Thursday, 23 June 2016
Riverside Center (Hyatt Regency)
We focus on in-operando structural evolution of model Li-ion battery anodes, which are comprised of multi-bilayer Ni/NiO films with active NiO layers sandwiched between buffer Ni layers. The films were deposited on sapphire via pulsed laser deposition (PLD). The morphological changes accompanying lithiation were tracked via in-situ and ex-situ X-ray reflectivity (XRR) and cross-sectional transmission electron microscopy in a series of films produced by systematically varying the thicknesses of active and buffer layers (20 Å to 200 Å) and the number of periodic bilayers (1 to 5). The key results of these combined studies are:
- Complete lithiation of all the active NiO layers occurs only when the thickness of the buffer Ni layers is less than ~50 Å. For fully lithiated films, the active NiO layers doubled in thickness while being converted to Li2O layers and the reduced Ni from the NiO migrated to the bordering Ni buffer layers. This uniaxial lithiation process of multi-bilayer anodes started at the top and progressed toward the bottom of the stack. The expansion was accompanied initially by lateral inhomogeneities, which diminished over time leading to laterally uniform lithiated Li2O/Ni multilayers.
- Ni layers with a thickness >50 Å present a kinetic barrier for the diffusion of lithium ions. This results in a partial lithiation of Ni/NiO multilayer anodes such that only the top NiO layer is lithiated.

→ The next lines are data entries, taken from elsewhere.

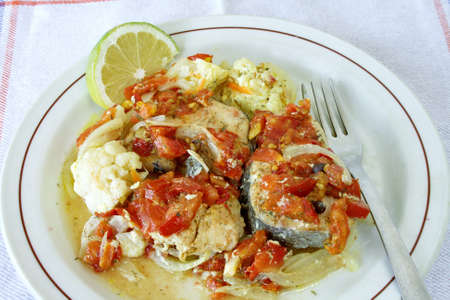 Baked fish with vegetables on plateの写真素材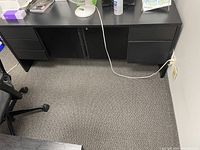 Black hutch with drawers on each side and two central closed cabinets, placed on carpeted floor near walls and outlet with a cord plugged in.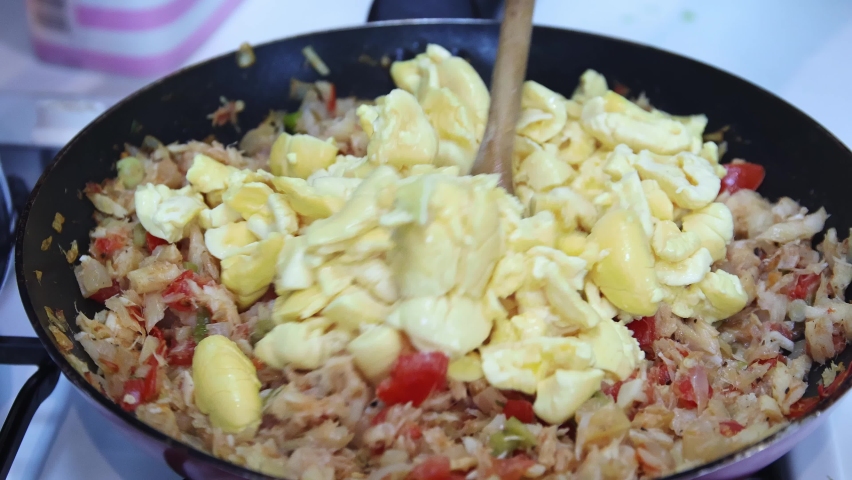 Ackee and saltfish, national dish of Jamaica.  Person of African ethnicity, stirring ackee into a pan of saltfish, tomatoes, onions, garlic, allspice, scotch bonnet peppers and thyme.  Slow motion. | Shutterstock HD Video #1086979118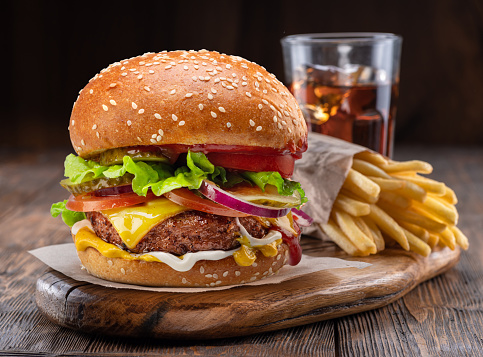 Sabrosa hamburguesa con queso, vaso de cola y papas fritas en primer plano de bandeja de madera. photo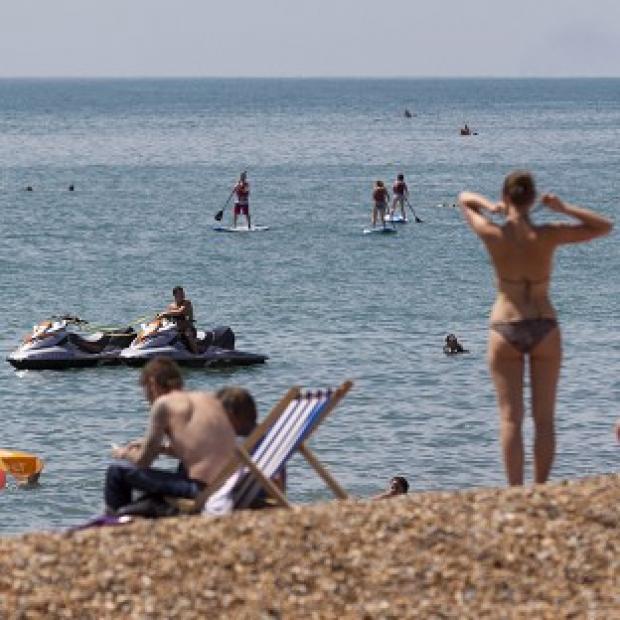 Congleton Guardian: People flock to the beach in Brighton, East Sussex, as temperatures soar Congleton Guardian: People flock to the beach in Brighton, East Sussex, as temperatures soar
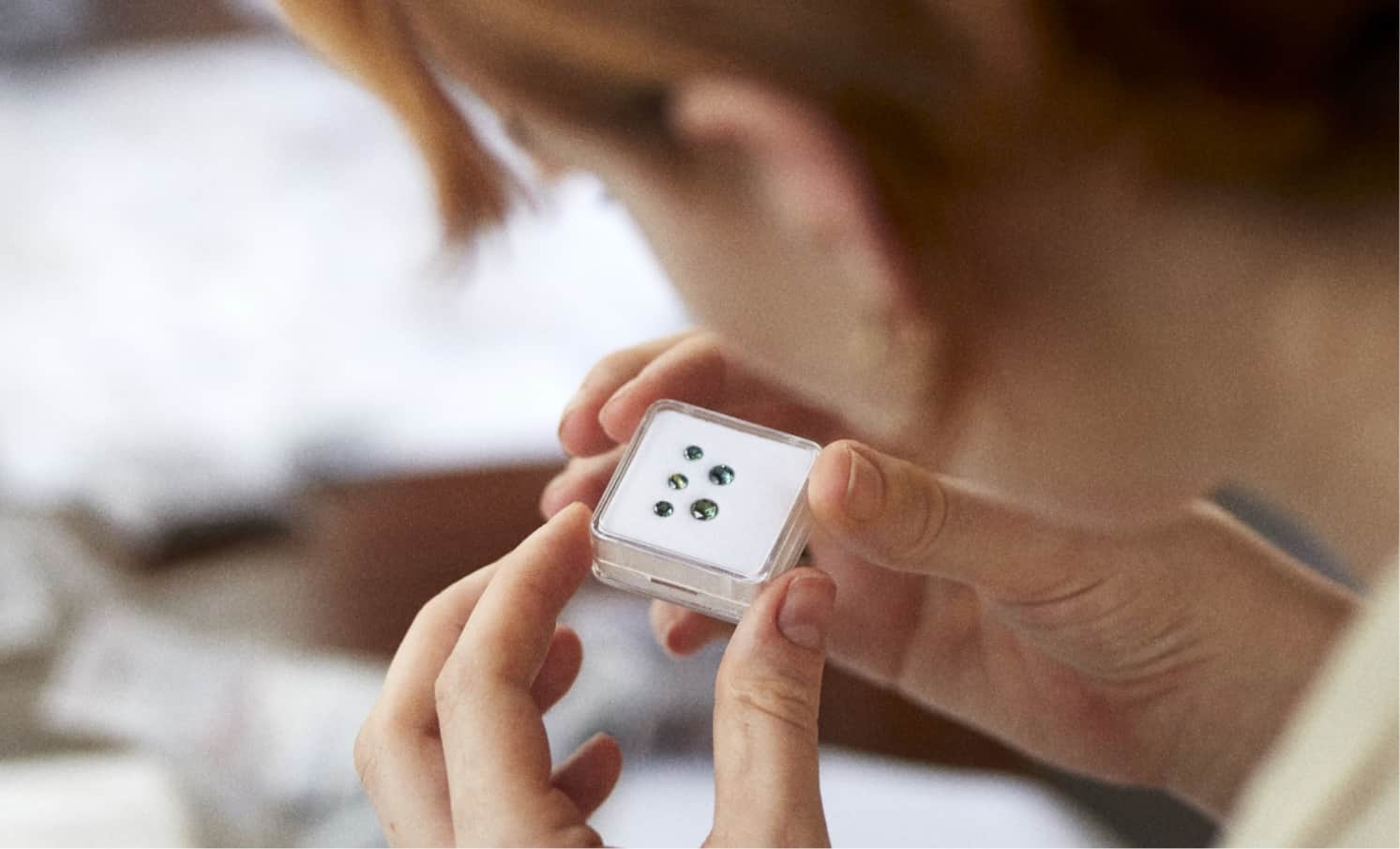 A woman inspecting a small clear container with 5 green blue sapphires cushioned inside.
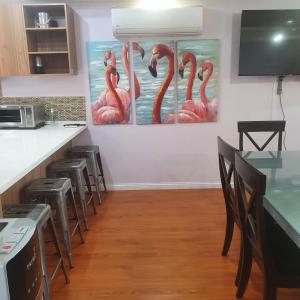 a kitchen with pink flamingos painting on the wall at de Felice in Mount Pleasant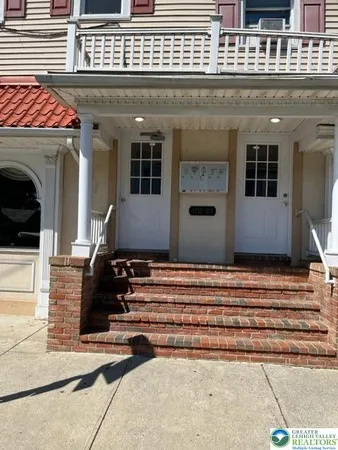 a front view of a house with entryway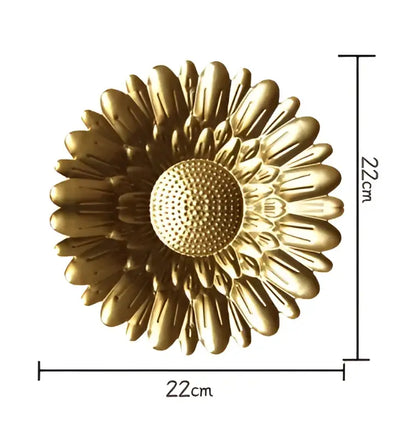 Golden metal wall art shaped like a sunflower 22cm diameter part of decorbites geometric golden metal set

- XRR shows that for the 5-bilayer Ni/NiO films, the electron density of the fully lithiated layers is a constant (no density fluctuations). This attests that the reduced Ni is rather uniformly distributed inside the Li2O matrix after the completion of the conversion reaction. This contrasts the situation for 2-bilayer Ni/NiO films. Here, low-density regions are observed inside the fully lithiated active layers near the Ni interlayers.
- For the fully lithiated Ni/NiO 5-bilayer films, the thickness of the Ni layers increases by 6-7 Å (roughly two atomic diameters of Ni), suggesting segregation of reduced Ni at the Ni/lithiated NiO layers. Consistent with this, the thickness of the Ni layer increases by 3-4 Å when only the top NiO layer is lithiated (for Ni thickness >50 Å, see 2 above).
In my presentation, I will discuss the mechanisms of the observed structural transformations. These are the first systematic studies of vertically digitized multilayer anodes that precisely determine the relationships between the morphological changes and the film architecture during lithiation.
This research was supported by the Center for Electrochemical Energy Science, an Energy Frontier Research Center funded by the U.S. Department of Energy, Office of Science, Office of Basic Energy Sciences, under Contract No. DE-AC02-06CH11357.